Computational Insights into Mg‐Cl Complex Electrolytes for Rechargeable Magnesium Batteries

DFT calculations were conducted to provide unprecedented thermodynamic insights on tetrahydrofuran (THF) solvation, isomerization, and complexation of possible Mg−Cl coordination species for popular Mg−Cl electrolytes for magnesium batteries. Computational results using the M06‐2x functional with the 6‐31+G(d) basis set indicate that trigonal bipyramidal e,e ‐ cis‐tbp ‐MgCl 2 (THF) 3 dichloride species and octahedral [MgCl(THF) 5 ] + monochloride species are the dominant mononuclear species.

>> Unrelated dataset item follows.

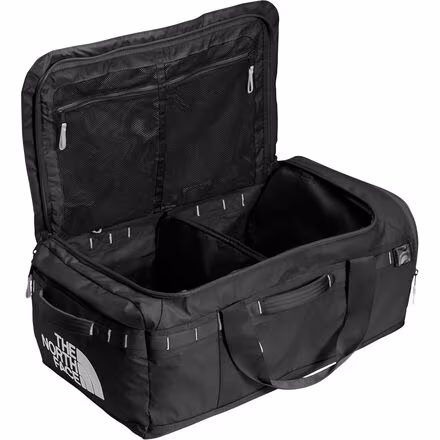 Base Camp Voyager 62L Duffel Bag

These two can combine to form the dinuclear species [( μ ‐Cl) 3 Mg 2 (THF) 6 ] + with a free energy −6.30 kcal/mol, which is calculated to be the dominant Mg−Cl species in solution. Two mono‐cation species, [( μ ‐Cl) 3 Mg 2 (THF) 6 ] + and [MgCl(THF) 5 ] + , have comparable LUMO energies, thus both of them can act as active species for Mg deposition. However, the significant dominance of the dinuclear species in the electrolyte indicates that it is the primary species involved in reversible Mg deposition.